TASK TO CARRY OUT — Reproduce each entry below exactly, without omitting any.

*** Opening EXTRACTED INFORMATION ***

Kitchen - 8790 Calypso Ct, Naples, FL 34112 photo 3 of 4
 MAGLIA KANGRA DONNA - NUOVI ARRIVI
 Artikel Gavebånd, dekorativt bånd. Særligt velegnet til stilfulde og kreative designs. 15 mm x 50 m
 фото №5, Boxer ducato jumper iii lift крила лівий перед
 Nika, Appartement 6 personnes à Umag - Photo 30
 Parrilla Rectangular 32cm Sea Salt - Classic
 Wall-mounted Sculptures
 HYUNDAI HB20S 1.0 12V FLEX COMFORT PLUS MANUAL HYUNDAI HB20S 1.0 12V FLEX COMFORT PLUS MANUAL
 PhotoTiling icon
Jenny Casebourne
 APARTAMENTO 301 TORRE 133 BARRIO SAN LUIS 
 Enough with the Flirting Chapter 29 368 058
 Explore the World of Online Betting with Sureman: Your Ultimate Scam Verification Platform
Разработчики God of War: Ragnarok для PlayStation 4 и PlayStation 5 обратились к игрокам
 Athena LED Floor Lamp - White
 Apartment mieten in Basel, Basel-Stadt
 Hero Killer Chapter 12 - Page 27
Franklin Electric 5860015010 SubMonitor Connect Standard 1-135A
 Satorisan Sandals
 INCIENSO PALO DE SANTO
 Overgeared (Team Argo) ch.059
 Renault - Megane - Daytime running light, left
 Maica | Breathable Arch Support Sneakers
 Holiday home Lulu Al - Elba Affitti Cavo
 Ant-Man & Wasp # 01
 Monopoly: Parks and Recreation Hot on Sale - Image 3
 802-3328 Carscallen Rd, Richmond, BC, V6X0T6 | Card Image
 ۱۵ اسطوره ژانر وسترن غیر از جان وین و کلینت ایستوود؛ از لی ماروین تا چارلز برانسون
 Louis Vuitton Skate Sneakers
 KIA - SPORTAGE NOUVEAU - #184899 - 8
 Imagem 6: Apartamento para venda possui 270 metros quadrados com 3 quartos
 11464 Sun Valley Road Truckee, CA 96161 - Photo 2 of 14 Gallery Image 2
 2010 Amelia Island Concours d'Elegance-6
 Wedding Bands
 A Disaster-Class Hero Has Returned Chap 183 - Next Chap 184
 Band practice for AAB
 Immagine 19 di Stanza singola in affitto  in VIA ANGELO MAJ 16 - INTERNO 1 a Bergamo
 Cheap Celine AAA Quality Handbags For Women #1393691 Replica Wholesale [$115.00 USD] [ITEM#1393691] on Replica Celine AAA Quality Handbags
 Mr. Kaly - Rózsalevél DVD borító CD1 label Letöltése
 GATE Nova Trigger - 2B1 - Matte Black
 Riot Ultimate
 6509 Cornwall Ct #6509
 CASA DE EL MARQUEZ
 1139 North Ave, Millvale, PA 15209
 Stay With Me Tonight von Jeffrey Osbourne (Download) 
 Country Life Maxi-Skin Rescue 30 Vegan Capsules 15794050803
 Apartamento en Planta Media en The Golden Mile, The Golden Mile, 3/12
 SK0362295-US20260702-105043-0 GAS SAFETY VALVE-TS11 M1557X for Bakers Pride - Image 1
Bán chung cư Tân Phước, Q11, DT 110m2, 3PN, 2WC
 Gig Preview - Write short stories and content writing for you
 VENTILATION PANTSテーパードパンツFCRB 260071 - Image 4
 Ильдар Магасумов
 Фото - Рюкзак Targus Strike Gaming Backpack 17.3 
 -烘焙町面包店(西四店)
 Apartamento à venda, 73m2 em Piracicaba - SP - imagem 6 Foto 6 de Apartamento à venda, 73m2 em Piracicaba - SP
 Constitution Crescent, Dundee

*** Closing EXTRACTED INFORMATION ***

YOUR RESPONSE —
Kitchen - 8790 Calypso Ct, Naples, FL 34112 photo 3 of 4
 MAGLIA KANGRA DONNA - NUOVI ARRIVI
 Artikel Gavebånd, dekorativt bånd. Særligt velegnet til stilfulde og kreative designs. 15 mm x 50 m
 фото №5, Boxer ducato jumper iii lift крила лівий перед
 Nika, Appartement 6 personnes à Umag - Photo 30
 Parrilla Rectangular 32cm Sea Salt - Classic
 Wall-mounted Sculptures
 HYUNDAI HB20S 1.0 12V FLEX COMFORT PLUS MANUAL HYUNDAI HB20S 1.0 12V FLEX COMFORT PLUS MANUAL
 PhotoTiling icon
Jenny Casebourne
 APARTAMENTO 301 TORRE 133 BARRIO SAN LUIS 
 Enough with the Flirting Chapter 29 368 058
 Explore the World of Online Betting with Sureman: Your Ultimate Scam Verification Platform
Разработчики God of War: Ragnarok для PlayStation 4 и PlayStation 5 обратились к игрокам
 Athena LED Floor Lamp - White
 Apartment mieten in Basel, Basel-Stadt
 Hero Killer Chapter 12 - Page 27
Franklin Electric 5860015010 SubMonitor Connect Standard 1-135A
 Satorisan Sandals
 INCIENSO PALO DE SANTO
 Overgeared (Team Argo) ch.059
 Renault - Megane - Daytime running light, left
 Maica | Breathable Arch Support Sneakers
 Holiday home Lulu Al - Elba Affitti Cavo
 Ant-Man & Wasp # 01
 Monopoly: Parks and Recreation Hot on Sale - Image 3
 802-3328 Carscallen Rd, Richmond, BC, V6X0T6 | Card Image
 ۱۵ اسطوره ژانر وسترن غیر از جان وین و کلینت ایستوود؛ از لی ماروین تا چارلز برانسون
 Louis Vuitton Skate Sneakers
 KIA - SPORTAGE NOUVEAU - #184899 - 8
 Imagem 6: Apartamento para venda possui 270 metros quadrados com 3 quartos
 11464 Sun Valley Road Truckee, CA 96161 - Photo 2 of 14 Gallery Image 2
 2010 Amelia Island Concours d'Elegance-6
 Wedding Bands
 A Disaster-Class Hero Has Returned Chap 183 - Next Chap 184
 Band practice for AAB
 Immagine 19 di Stanza singola in affitto  in VIA ANGELO MAJ 16 - INTERNO 1 a Bergamo
 Cheap Celine AAA Quality Handbags For Women #1393691 Replica Wholesale [$115.00 USD] [ITEM#1393691] on Replica Celine AAA Quality Handbags
 Mr. Kaly - Rózsalevél DVD borító CD1 label Letöltése
 GATE Nova Trigger - 2B1 - Matte Black
 Riot Ultimate
 6509 Cornwall Ct #6509
 CASA DE EL MARQUEZ
 1139 North Ave, Millvale, PA 15209
 Stay With Me Tonight von Jeffrey Osbourne (Download) 
 Country Life Maxi-Skin Rescue 30 Vegan Capsules 15794050803
 Apartamento en Planta Media en The Golden Mile, The Golden Mile, 3/12
 SK0362295-US20260702-105043-0 GAS SAFETY VALVE-TS11 M1557X for Bakers Pride - Image 1
Bán chung cư Tân Phước, Q11, DT 110m2, 3PN, 2WC
 Gig Preview - Write short stories and content writing for you
 VENTILATION PANTSテーパードパンツFCRB 260071 - Image 4
 Ильдар Магасумов
 Фото - Рюкзак Targus Strike Gaming Backpack 17.3 
 -烘焙町面包店(西四店)
 Apartamento à venda, 73m2 em Piracicaba - SP - imagem 6 Foto 6 de Apartamento à venda, 73m2 em Piracicaba - SP
 Constitution Crescent, Dundee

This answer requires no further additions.